On Node A (/etc/bird/bird.conf):
router id 10.10.0.1;
protocol device {
scan time 10;
}
protocol direct {
ipv4;
interface "eth0", "wg-*";
}
protocol kernel {
ipv4 {
export all;
};
}
protocol static {
ipv4;
route 10.10.0.0/24 via "eth0";
}
protocol bgp eu_peer {
local as 65000;
neighbor 172.16.1.2 as 65001;
ipv4 {
import all;
export all;
};
}
protocol bgp asia_peer {
local as 65000;
neighbor 172.16.2.2 as 65002;
ipv4 {
import all;
export all;
};
}
Each node has its own AS number. I used private ASNs (65000, 65001, 65002). The protocol bgp blocks define the BGP sessions with each peer. BIRD learns routes from neighbors and installs them into the kernel routing table.

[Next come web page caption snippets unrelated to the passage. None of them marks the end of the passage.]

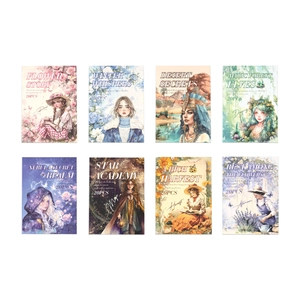 20PCS creative PET sticker book set featuring 8 artistic themes with various illustrations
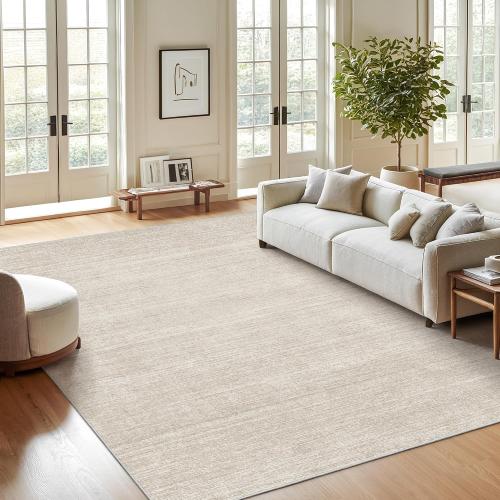 Washable Rugs 5x7, Non Slip Large Area Rugs for Living Room, Beige | Soft Low Pile, Thin & Lighweight Carpet, Folable Stain Resistant Modern Indoor Floor Mat for Bedroom, Dining Room, Home Decor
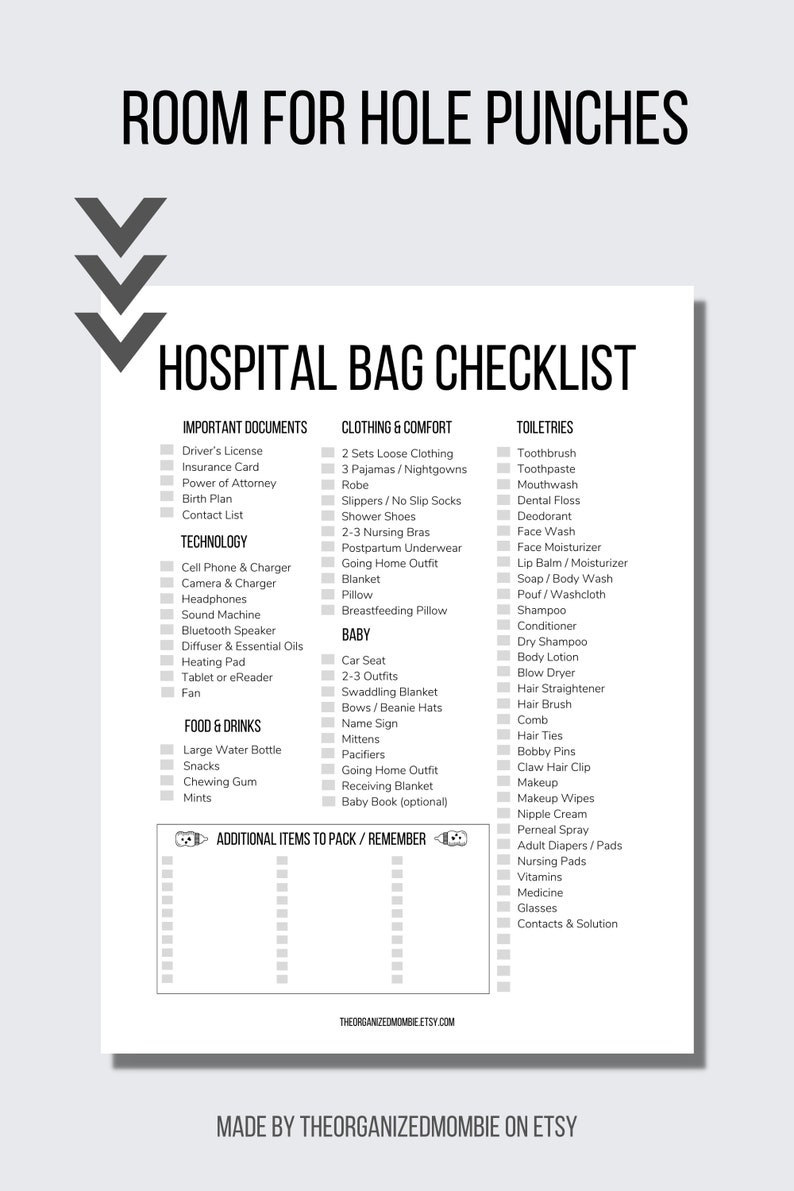 May include: A printable checklist for packing a hospital bag. The checklist is divided into sections for important documents, clothing and comfort, toiletries, technology, food and drinks, baby items, and additional items to pack. The checklist is designed to be hole punched and includes a space for additional notes.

I exported my local subnet (10.10.0.0/24) via the protocol static block. BIRD then advertises this to all BGP peers.
What Worked
After bringing up the tunnels and starting BIRD, routes appeared automatically. I could see routes to 10.20.0.0/24 and 10.30.0.0/24 in my routing table on Node A. I didn't have to add them manually.
I tested failover by shutting down the WireGuard tunnel to Node B. BIRD detected the peer as down within seconds. Traffic to 10.20.0.0/24 stopped routing through the direct tunnel. If I had configured a backup path (which I later did), traffic would reroute automatically.
To test multi-path failover, I added a fourth node (Node D) as a backup hub. I configured it to peer with all other nodes. When Node B went down, Node A could still reach 10.20.0.0/24 via Node D. BIRD recalculated the best path and updated the kernel routing table without any manual intervention.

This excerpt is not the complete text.